Hi @Tiggerito , I would like to get your input on what you think would help best to address this issue of mixed base product and variant data on a product page. Your most recent suggestion was asking to have access to some properties from the main product even when a variant is selected. I wonder if that will still be useful to you if there is consistency with the details that are provided.

So I have been looking at the context that is provided and saw the problems where id, mpn, gtin, dimensions (height, width, depth), and weight always come from the base product while sku, upc, and price can be from a selected variant.

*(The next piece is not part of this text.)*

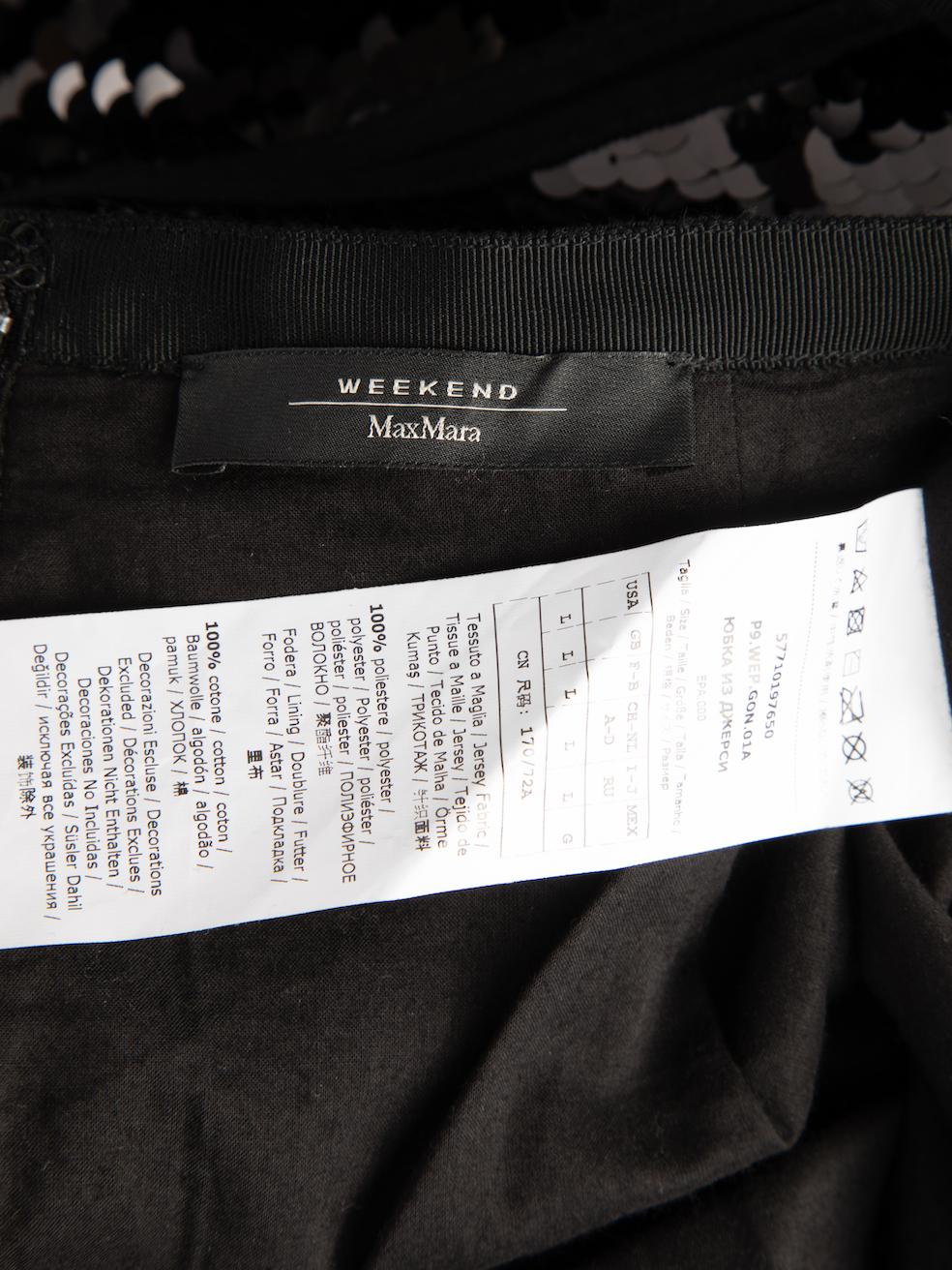 Max Mara Women's Weekend Max Mara Black Sequin Pencil Skirt In Excellent Condition In London, GB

My initial thought for a fix would be making these values also get updated when a variant is selected by default, however I want to consider other options.

I don't think id should ever be that of the variant since all variants exist under the same product id and having that base id is valuable. I could see adding a variant_id and is_variant_selected properties, or similar, so that it becomes trivial to track when variant details are being presented.

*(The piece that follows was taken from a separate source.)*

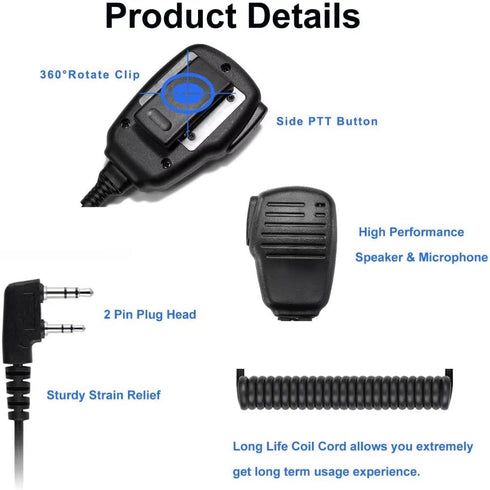 SAMCOM Walkie Talkie Speaker Mic, 2 Pin K Type Handheld Microphone with Reinforced Cable, 1 Pack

Would you still want a way to access the base product sku and price all of the time if the above changes were made? Do you have any other fields on your radar regarding this topic? Thank you as well for all of your feedback here.

Tiggerito commented 3 years ago

For my scenario I'm interested in the base product for the id, sku and price (and price range). Maybe also a stock status for the product in general.

I like the idea of a is_variant_selected variable. That would help in making the required decisions

bc-jz commented 3 years ago

@Tiggerito Could you elaborate on your scenario? Are you submitting the base product of a product with variants into a product feed instead of the individual variants? Then when the feed crawls your page it is getting back variant details due to having pre-selected options on the product?

I was thinking the main issue was about the consistency of the data:

we don’t see variant values for mpn, weight etc. Not sure why this inconsistency?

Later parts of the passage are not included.